Covering 150 years, from the golden age of piracy in the 1700s to the extraordinary transformation of naval warfare ushered in by the Civil War, Butler sketches the lives of eight intriguing characters: the pirate Blackbeard and his contemporary Stede Bonnet; privateer Otway Burns and naval raider Johnston Blakeley; and Confederate raiders James Cooke, John Maffitt, John Taylor Wood, and James Waddell. Penetrating the myths that have surrounded these legendary figures, he uncovers the compelling true stories of their lives and adventures.
"Butler vividly recounts the deeds of this group of men, chronicles their lives and ultimate fates and, in general, provides an eminently readable and accurate tale of the region's rascals."

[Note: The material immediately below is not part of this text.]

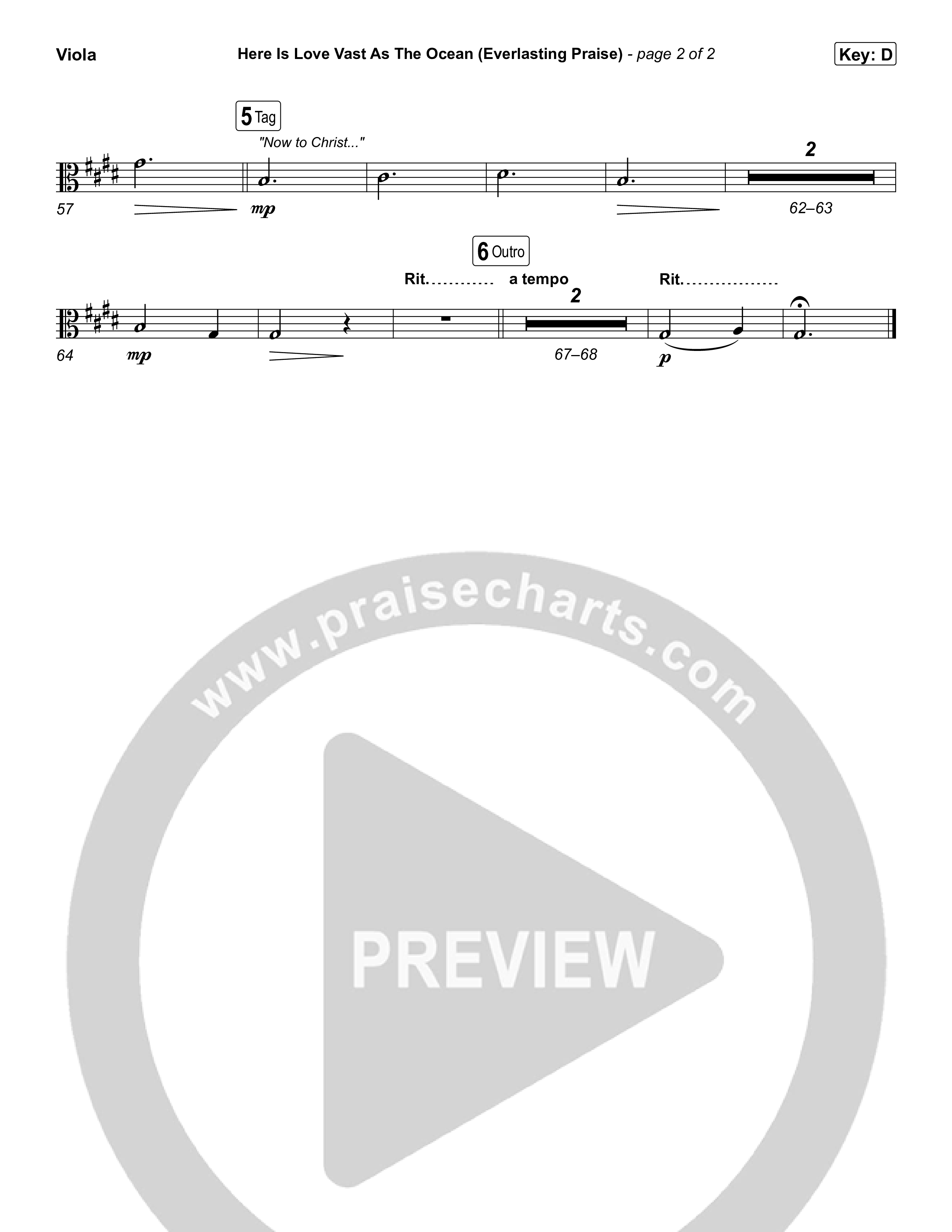 Here Is Love Vast As The Ocean (Everlasting Praise) Viola (Keith & Kristyn Getty / Sandra McCracken / Sing!)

"In this compact and breezy survey, [Butler] examines the lives of eight pirates and sea raiders who operated along the Carolina coast between the early eighteenth century and the end of the Civil War. He treats his characters with objectivity, although a bemused affection frequently shines through. This is an informative and enjoyable work of regional history."
"By combining. . . biography and maritime history, and by emphasizing drama and adventure, [this book] will surely appeal to many general readers, especially those who already have an interest in its place, people, and topics."
--Journal of Southern History
"A clarifying document that debunks certain popular myths . . . while verifying others and illuminating fascinating details that have been elided from the mythology."
"Lindley Butler brings . . . our state's maritime heritage to life."
"[This book] will appeal to a wide audience. Not only are the subjects intriguing, but Butler writes felicitously, turning the right phrase. . . . The sea and its freebooters, rogues, and patriots come alive at the pen of one familiar with maritime life and schooled in the historical context of his subjects."